-
Notifications
You must be signed in to change notification settings - Fork 10
Description
Description:
The PyTorchSim MLIR backend does not support the repeat_interleave
operation, which is required for Grouped Query Attention (GQA) used in
modern LLMs like Mixtral 8x7B and Llama 2. In GQA, the number of KV heads
(n_local_heads) is smaller than the number of Q heads (n_head), and
repeat_interleave is used to expand K/V tensors to match Q's head count
(e.g., k.repeat_interleave(n_head // n_local_heads, dim=1)).
The error occurs in PyTorchSimFrontend/mlir/mlir_common.py at line 682-683
in the extract_dividers function, which raises NotImplementedError("Not
supporting this view operation...!") when encountering index expressions
with multiple free symbols.
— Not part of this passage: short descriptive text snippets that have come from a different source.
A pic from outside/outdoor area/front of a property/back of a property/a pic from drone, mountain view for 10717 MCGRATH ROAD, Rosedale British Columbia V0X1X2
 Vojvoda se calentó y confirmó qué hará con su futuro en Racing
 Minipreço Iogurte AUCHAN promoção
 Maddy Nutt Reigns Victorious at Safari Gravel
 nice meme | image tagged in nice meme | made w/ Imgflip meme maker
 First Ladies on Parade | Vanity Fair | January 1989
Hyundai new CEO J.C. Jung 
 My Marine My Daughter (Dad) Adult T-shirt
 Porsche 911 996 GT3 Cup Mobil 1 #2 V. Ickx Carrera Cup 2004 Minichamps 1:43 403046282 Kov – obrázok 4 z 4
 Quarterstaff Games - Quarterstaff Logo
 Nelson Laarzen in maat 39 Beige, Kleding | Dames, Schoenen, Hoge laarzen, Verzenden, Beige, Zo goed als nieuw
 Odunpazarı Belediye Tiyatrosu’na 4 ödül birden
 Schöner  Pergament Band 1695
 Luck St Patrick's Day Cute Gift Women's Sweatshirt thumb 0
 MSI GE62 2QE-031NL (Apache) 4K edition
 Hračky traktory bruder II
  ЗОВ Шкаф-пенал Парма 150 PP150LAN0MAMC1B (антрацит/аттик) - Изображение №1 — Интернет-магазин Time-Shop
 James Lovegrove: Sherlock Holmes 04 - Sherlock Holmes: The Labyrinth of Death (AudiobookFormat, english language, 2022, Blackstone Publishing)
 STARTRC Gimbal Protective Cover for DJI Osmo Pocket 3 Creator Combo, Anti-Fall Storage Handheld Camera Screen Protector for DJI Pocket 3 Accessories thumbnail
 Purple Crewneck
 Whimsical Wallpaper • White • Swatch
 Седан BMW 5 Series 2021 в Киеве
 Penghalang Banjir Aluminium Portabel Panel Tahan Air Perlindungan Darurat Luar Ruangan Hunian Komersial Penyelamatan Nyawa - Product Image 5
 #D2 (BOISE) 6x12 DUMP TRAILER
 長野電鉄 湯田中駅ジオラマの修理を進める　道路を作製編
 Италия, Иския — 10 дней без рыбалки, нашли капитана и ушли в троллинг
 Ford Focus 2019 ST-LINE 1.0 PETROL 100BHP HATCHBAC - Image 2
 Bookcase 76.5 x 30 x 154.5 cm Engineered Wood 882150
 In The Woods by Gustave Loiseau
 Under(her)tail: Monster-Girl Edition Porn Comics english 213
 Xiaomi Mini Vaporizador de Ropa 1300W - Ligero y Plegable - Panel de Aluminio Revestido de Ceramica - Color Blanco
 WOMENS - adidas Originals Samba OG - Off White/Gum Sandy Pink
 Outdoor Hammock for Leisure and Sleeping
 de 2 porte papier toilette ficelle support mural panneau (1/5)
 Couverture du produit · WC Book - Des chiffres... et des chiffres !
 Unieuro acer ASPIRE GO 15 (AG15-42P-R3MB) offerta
The repeat_interleave operation generates a
FloorDiv indexing pattern (e.g., index // 4 for 4x repetition) that the
current implementation cannot handle.
Current workaround: Set n_local_heads = -1 (which defaults to n_head),
effectively disabling GQA and using standard Multi-Head Attention (MHA).
This loses the memory efficiency benefits of GQA (4-8x KV cache
reduction).
Affected models: Mixtral 8x7B, Llama 2 70B, and other models using GQA.